Aim of the task: Repeat exactly, and only, the lines from the one containing "Photo of Colorful" through the last line of the data below.

□ □ □ □ □ □ □

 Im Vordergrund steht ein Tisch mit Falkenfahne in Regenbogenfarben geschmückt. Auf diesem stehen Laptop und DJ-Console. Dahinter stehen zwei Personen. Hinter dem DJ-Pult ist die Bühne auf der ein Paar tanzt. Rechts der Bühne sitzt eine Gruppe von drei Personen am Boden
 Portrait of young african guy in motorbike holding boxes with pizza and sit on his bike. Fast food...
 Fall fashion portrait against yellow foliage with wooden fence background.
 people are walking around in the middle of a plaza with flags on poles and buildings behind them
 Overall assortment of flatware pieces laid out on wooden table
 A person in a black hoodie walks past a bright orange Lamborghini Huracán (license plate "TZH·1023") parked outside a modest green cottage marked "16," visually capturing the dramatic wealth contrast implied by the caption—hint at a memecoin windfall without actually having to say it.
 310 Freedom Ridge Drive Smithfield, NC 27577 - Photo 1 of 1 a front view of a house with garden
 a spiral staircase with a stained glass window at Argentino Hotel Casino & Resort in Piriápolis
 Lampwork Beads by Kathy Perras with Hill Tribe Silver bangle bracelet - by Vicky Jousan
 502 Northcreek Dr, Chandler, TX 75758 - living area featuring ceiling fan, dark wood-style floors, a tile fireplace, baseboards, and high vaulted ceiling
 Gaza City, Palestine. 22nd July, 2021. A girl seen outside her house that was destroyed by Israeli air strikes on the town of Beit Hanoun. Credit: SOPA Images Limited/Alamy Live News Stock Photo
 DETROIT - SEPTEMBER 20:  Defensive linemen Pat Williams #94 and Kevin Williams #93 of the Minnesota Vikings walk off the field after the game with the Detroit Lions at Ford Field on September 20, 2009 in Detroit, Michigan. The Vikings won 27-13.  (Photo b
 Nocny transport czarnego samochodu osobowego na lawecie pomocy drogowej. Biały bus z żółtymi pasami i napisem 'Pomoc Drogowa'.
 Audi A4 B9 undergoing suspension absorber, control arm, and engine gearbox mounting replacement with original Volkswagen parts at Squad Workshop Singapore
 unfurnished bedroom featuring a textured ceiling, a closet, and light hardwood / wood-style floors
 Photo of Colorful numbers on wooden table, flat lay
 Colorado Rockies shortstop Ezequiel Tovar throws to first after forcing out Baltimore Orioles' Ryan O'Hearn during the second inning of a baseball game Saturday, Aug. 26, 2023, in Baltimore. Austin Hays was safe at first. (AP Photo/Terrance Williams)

□ □ □ □ □ □ □

Answer section:
 Photo of Colorful numbers on wooden table, flat lay
 Colorado Rockies shortstop Ezequiel Tovar throws to first after forcing out Baltimore Orioles' Ryan O'Hearn during the second inning of a baseball game Saturday, Aug. 26, 2023, in Baltimore. Austin Hays was safe at first. (AP Photo/Terrance Williams)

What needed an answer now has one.